What you have to do :: Repeat the records below exactly from the line containing "Listing Image 4" to the line containing "Cayla online show", taking in both of those lines. Drop the pictures.

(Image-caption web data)
#####

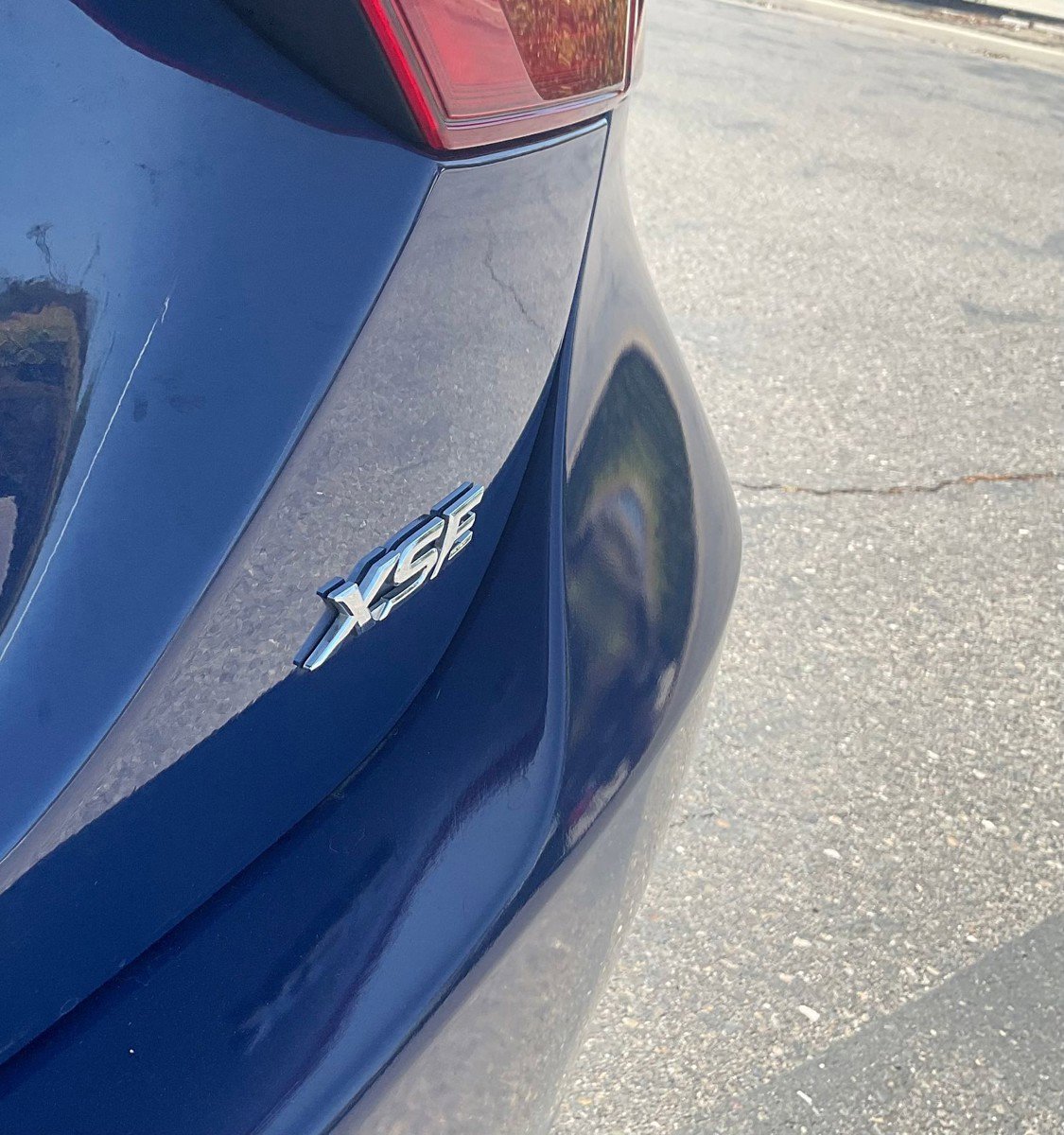 2024 Toyota Camry XSE - Photo 9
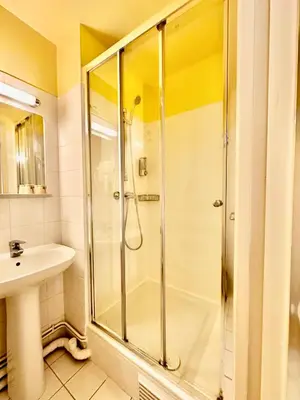 Salle de bains dans l'établissement Hotel Bellevue Montmartre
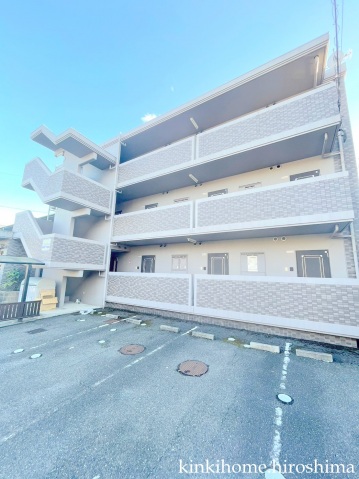 【廿日市市宮内のマンションの建物外観】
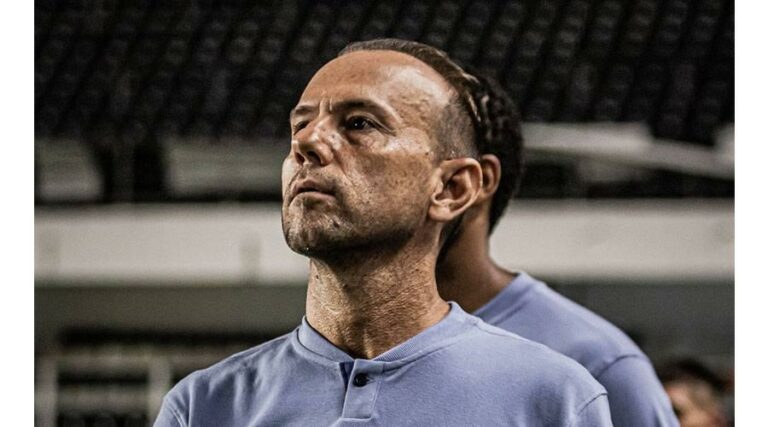 على الرغم من براءته من قضية أخلاقية.. استقالة مدرب سيدات سانتوس البرازيلي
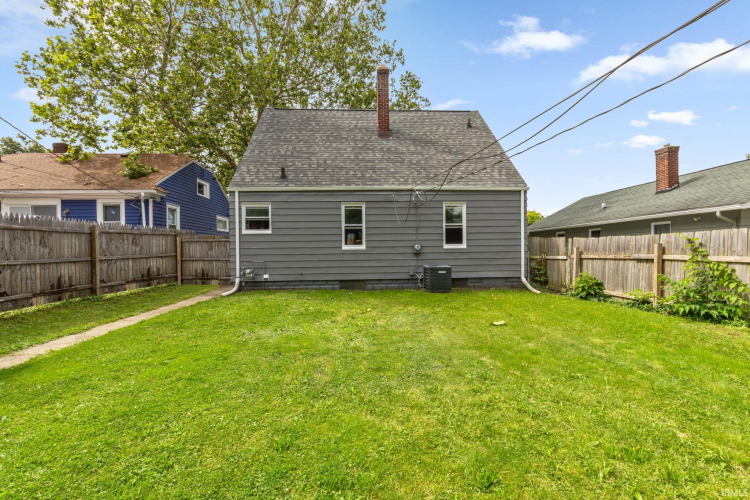 Listing Image 4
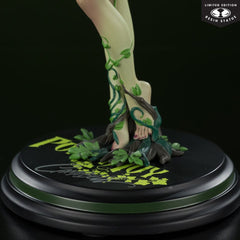 DC Direct Cover Girls Statue 1/8 Poison Ivy by J. Scott Campbell 24 cm 0787926302387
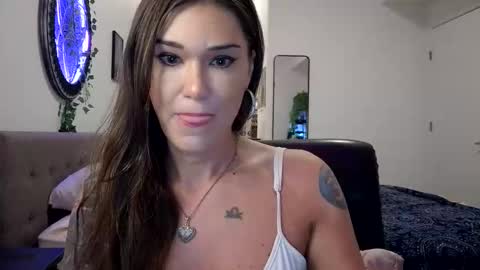 Cayla online show from November 2025 01:15:01 AM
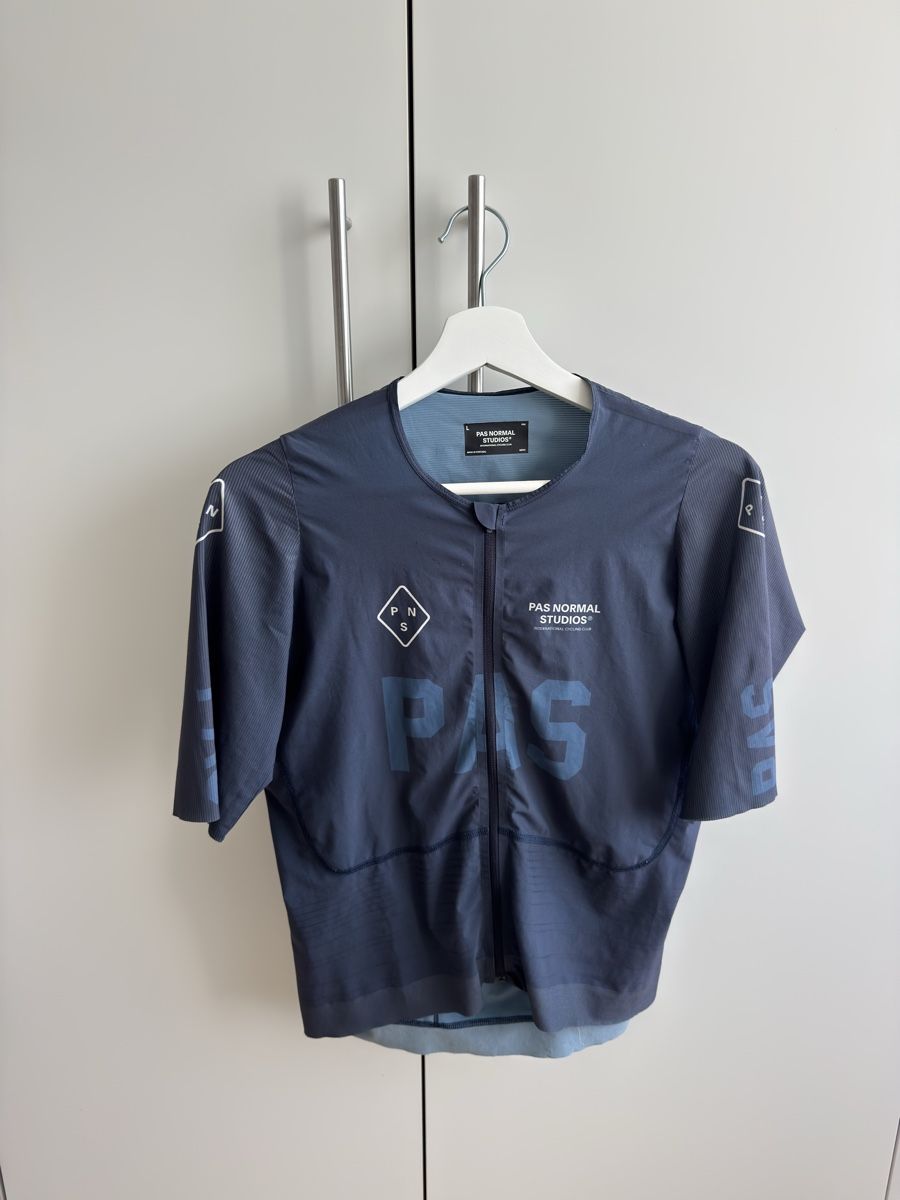 Pas Normal Studios Canottiere & Pantaloni: Pas Normal Studios Mechanism Pro Trikot Gr L – Nuovo (secondo la descrizione) da Hombrechtikon venduto da Sven_Gerber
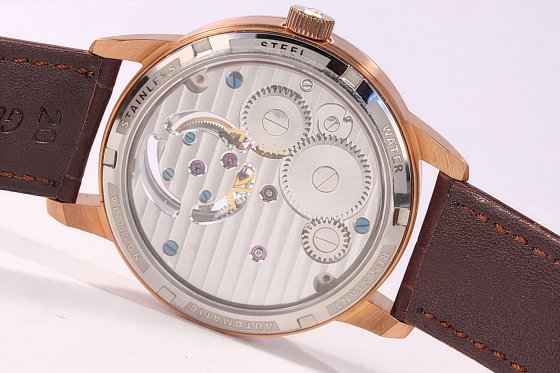 Tourbillon-horloge van goud 
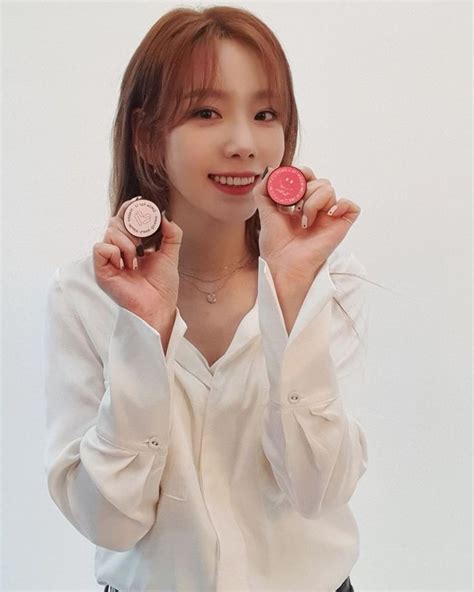 🦋kim Taeyeon 김태연 On Instagram “[update] Taeyeon ‘smile’ Campaign —— Donate ₩17 000 Or Above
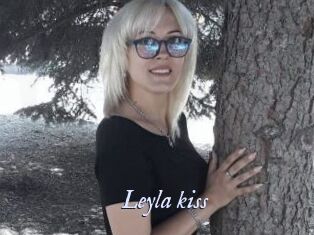 Leyla_kiss 1 chatte mouillée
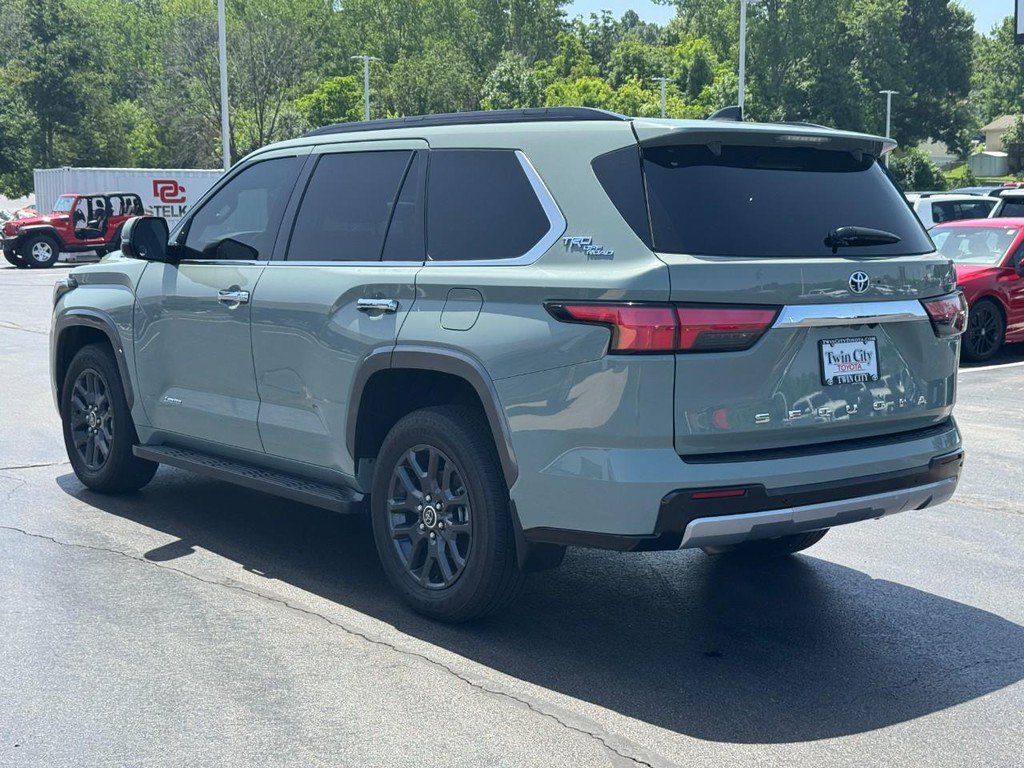 Certified 2023 Toyota Sequoia Limited w/ TRD Off-Road Package AWD/4WD image 7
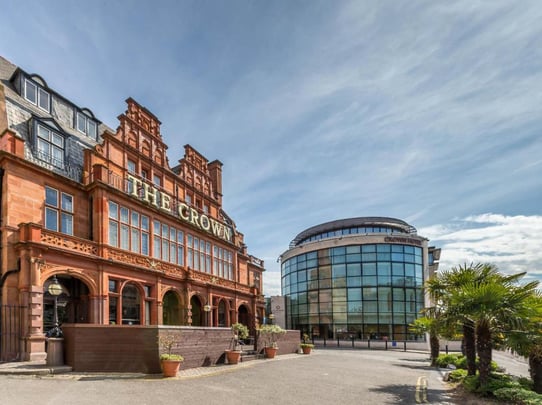 the-crown-london-grounds-and-hotel-01-84364.jpg
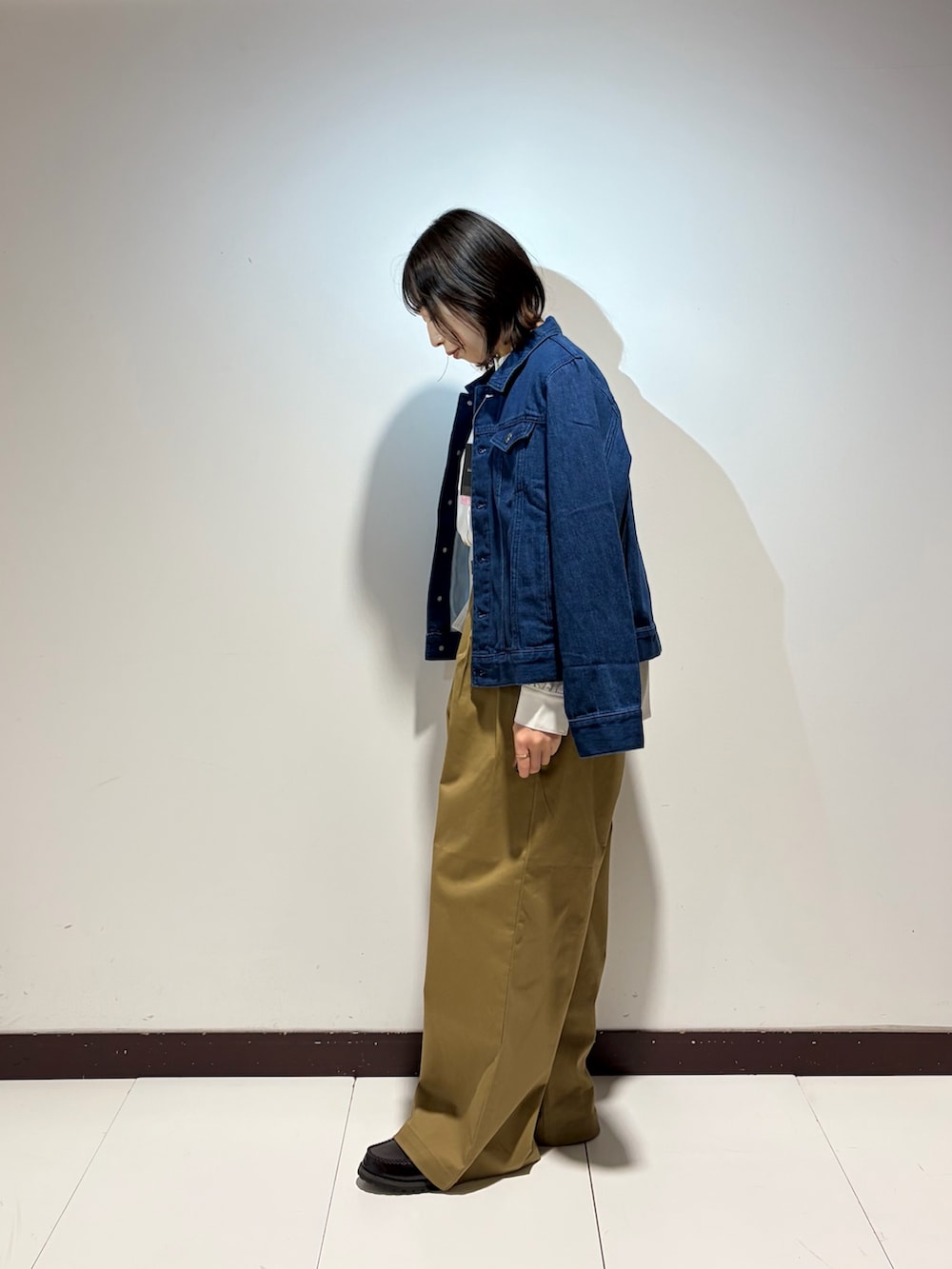 イエロー系のその他パンツ、ブルー系のデニムジャケット、ホワイト系のシャツ/ブラウスを着用したレディースの春コーディネートの2枚目の写真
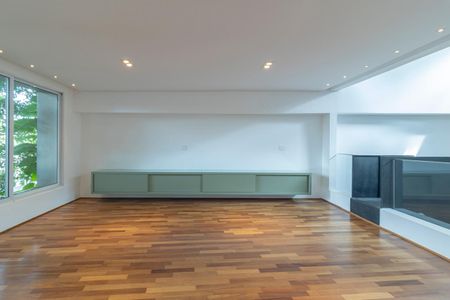 Casa para alugar com 300m², 3 quartos e 2 vagas Casa para alugar com 300m², 3 quartos e 2 vagasPiso Superior Edicula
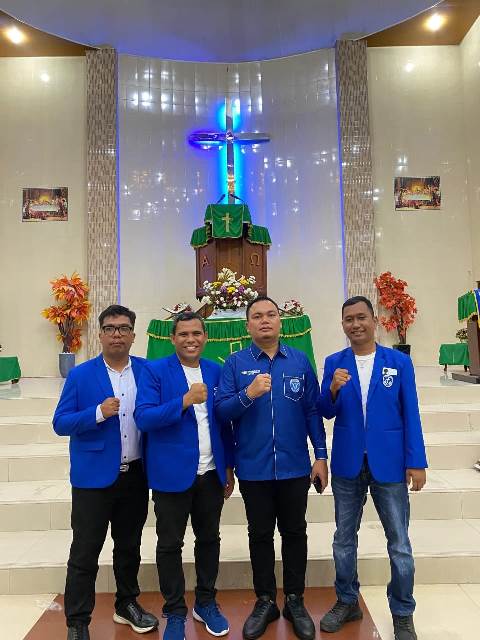 Pengurus DPC GAMKI Pematangsiantar, periode 2025–2028 saat foto bersama usai pelantikan.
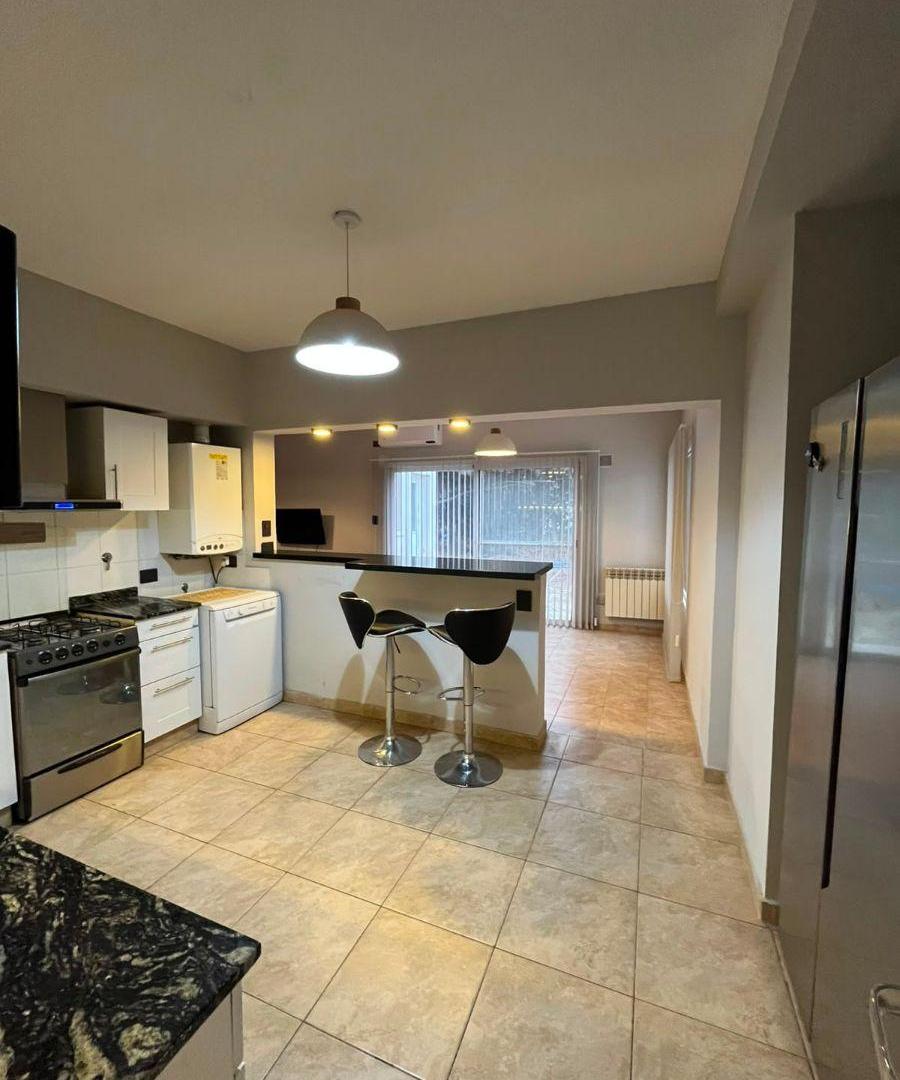 Foto de Alquiler Casa La Zagala - Neuquén | 6 Amb. en Planta Baja con Jardín, imagen 2
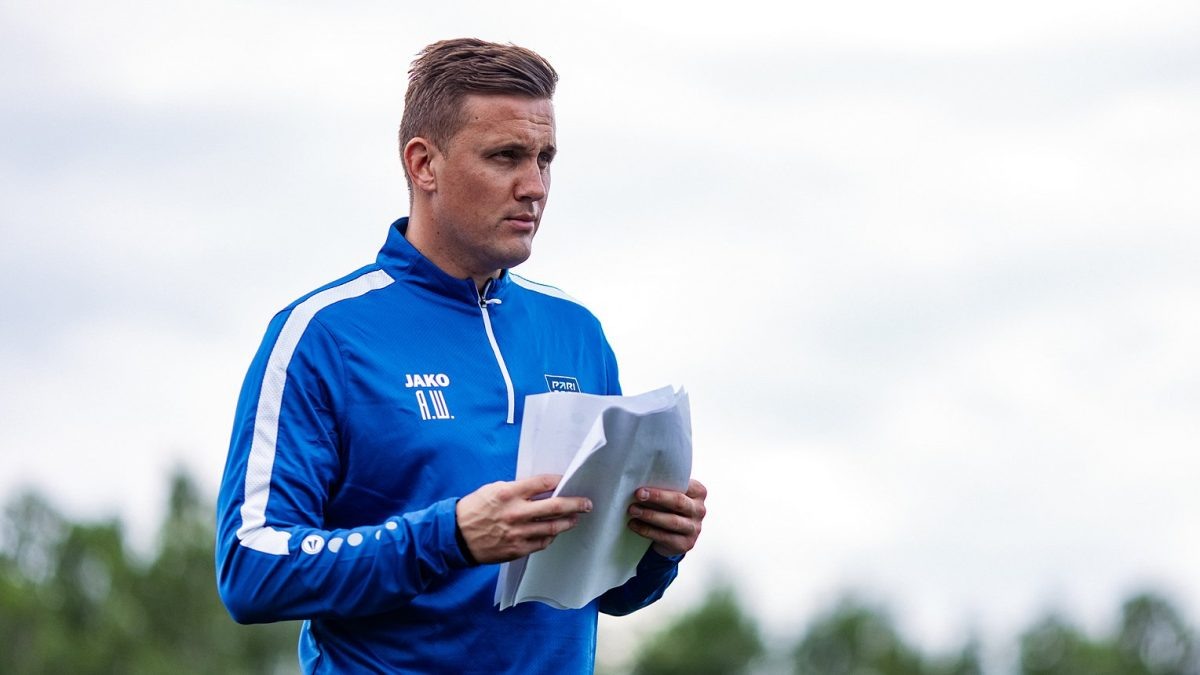    Главный тренер \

#####

Reply ::
 Listing Image 4
 DC Direct Cover Girls Statue 1/8 Poison Ivy by J. Scott Campbell 24 cm 0787926302387
 Cayla online show from November 2025 01:15:01 AM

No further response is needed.